____ Provided records
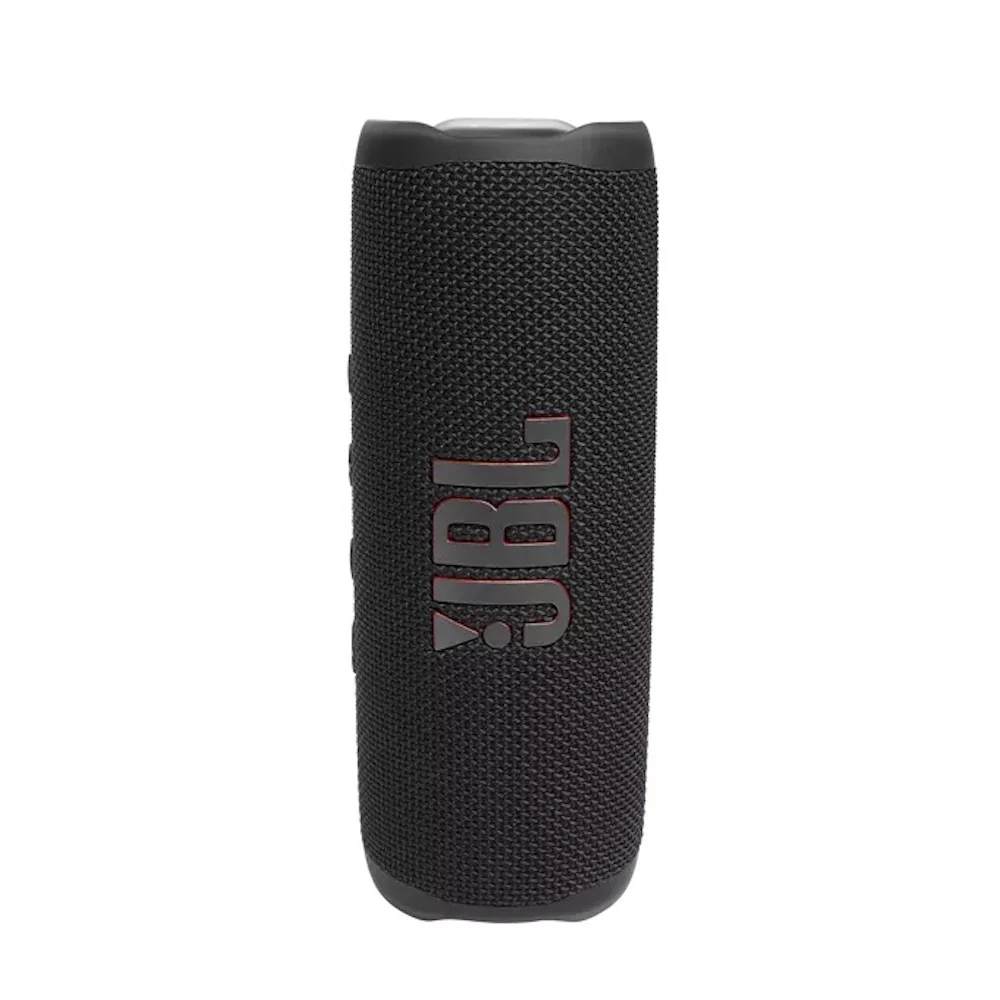 JBL Flip 6 - Image 7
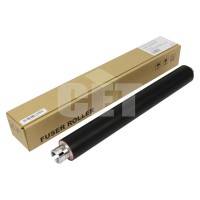 Резиновый вал 6LH49563000 для TOSHIBA E-Studio 2040C/2540C/3040C/3540C/4540C (CET), CET7417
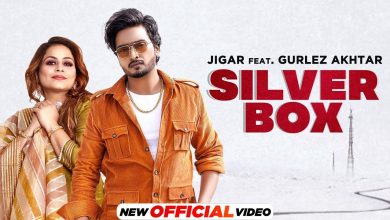 silver box mp3 song download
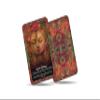 Ibiza Tarot Tantra - The Path of Sacred Love - Oracle Cards - A Unique Spiritual Journey - Delving into Ancient practices, Unlocking Profound Wisdom and transformative Power. view 2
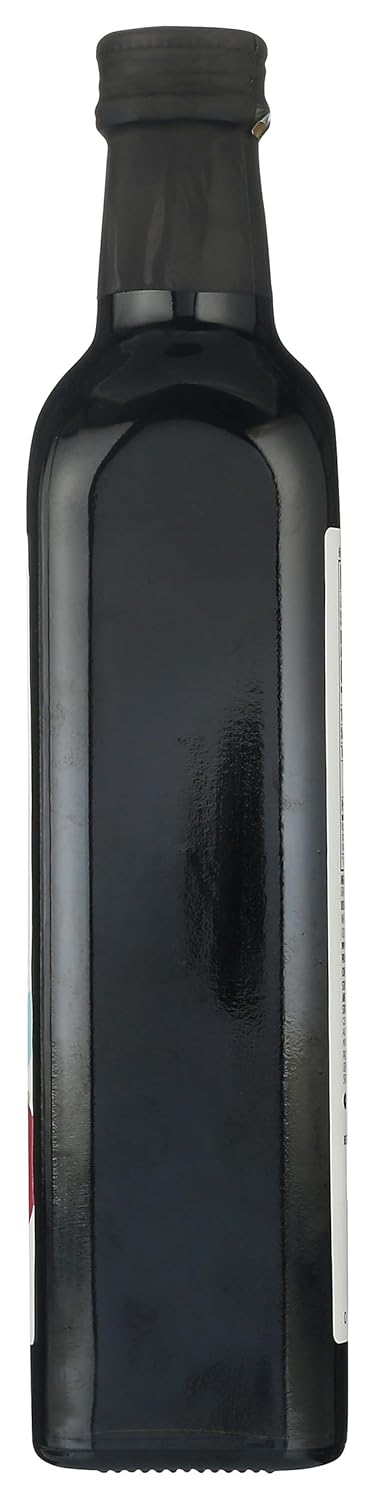 365 16.9 Oz by Whole Foods Market, Balsamic Vinegar Of Modena, Fl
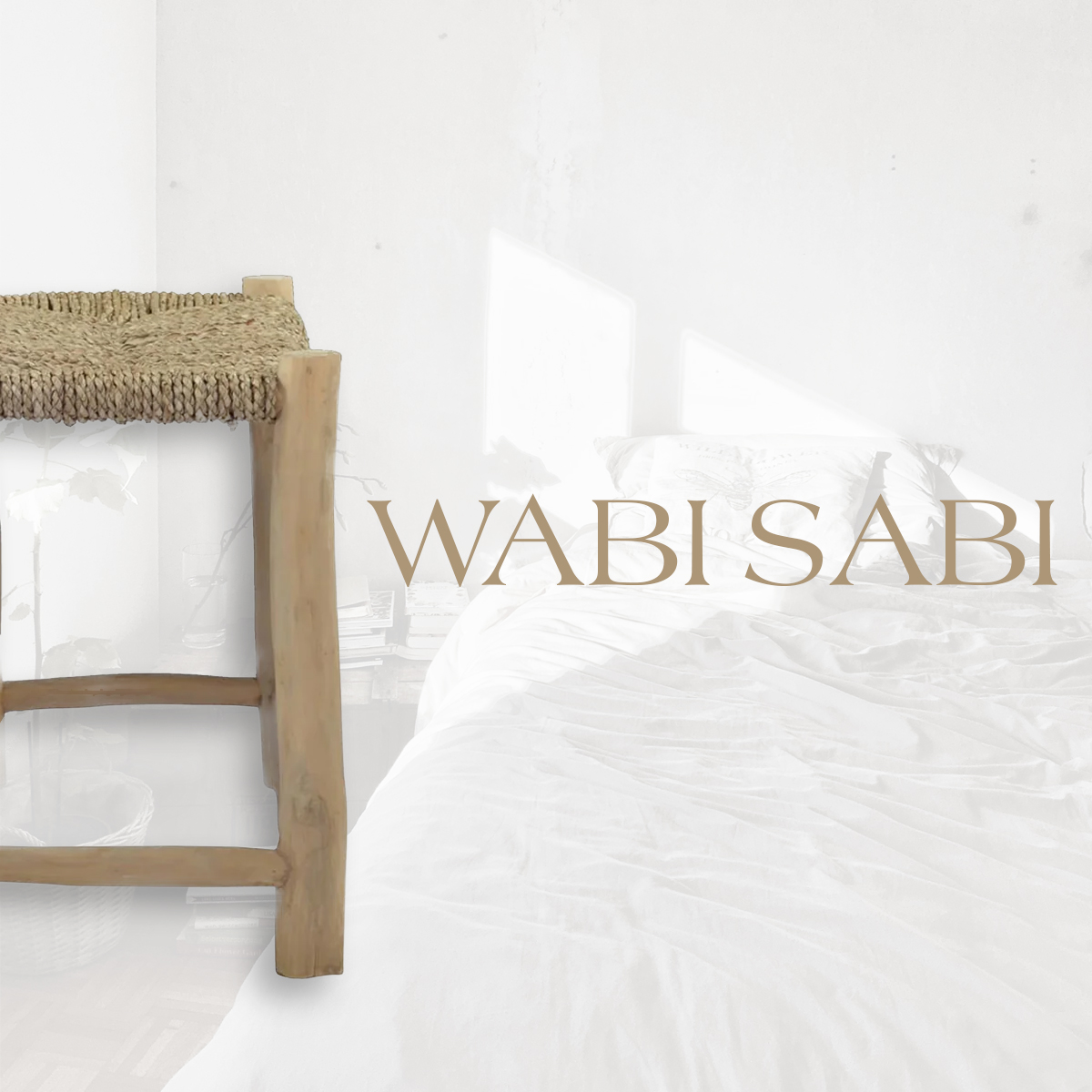 WABI SABI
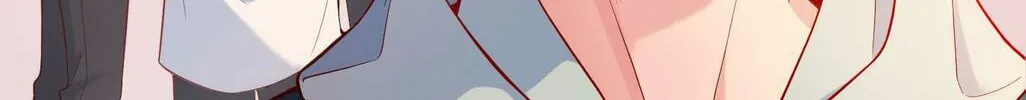 Read Han Yuan (Colored) chapter 17 image 38 on Lezhin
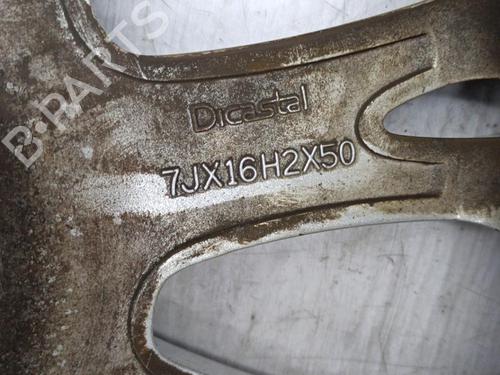 Other FORD FOCUS III 1.6 TDCi | BP26168499O1 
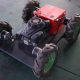Lawn mower-3983167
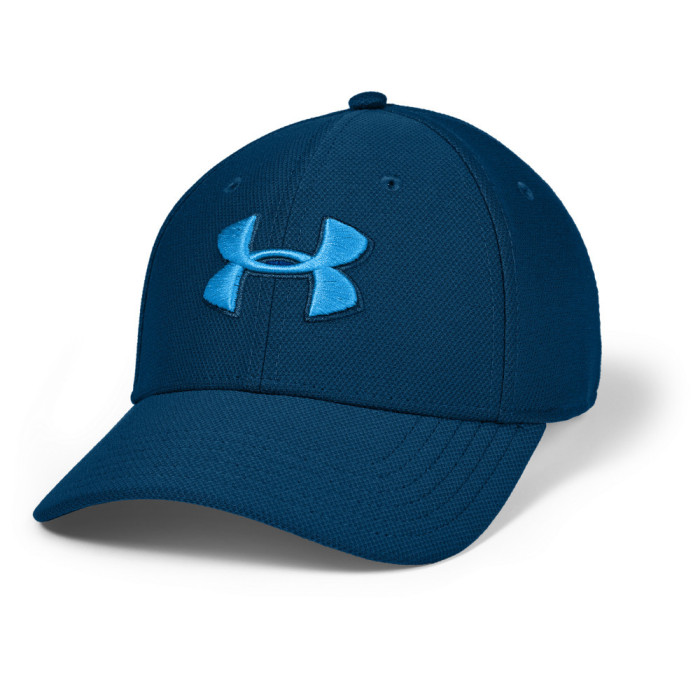 Under Armour Casquette Under Armour BLITZING 3.0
________
What the exercise asks: Give back the listing exactly, without a single picture.

Result for this task:
 JBL Flip 6 - Image 7
 Резиновый вал 6LH49563000 для TOSHIBA E-Studio 2040C/2540C/3040C/3540C/4540C (CET), CET7417
 silver box mp3 song download
 Ibiza Tarot Tantra - The Path of Sacred Love - Oracle Cards - A Unique Spiritual Journey - Delving into Ancient practices, Unlocking Profound Wisdom and transformative Power. view 2
 365 16.9 Oz by Whole Foods Market, Balsamic Vinegar Of Modena, Fl
 WABI SABI
 Read Han Yuan (Colored) chapter 17 image 38 on Lezhin
 Other FORD FOCUS III 1.6 TDCi | BP26168499O1 
Lawn mower-3983167
 Under Armour Casquette Under Armour BLITZING 3.0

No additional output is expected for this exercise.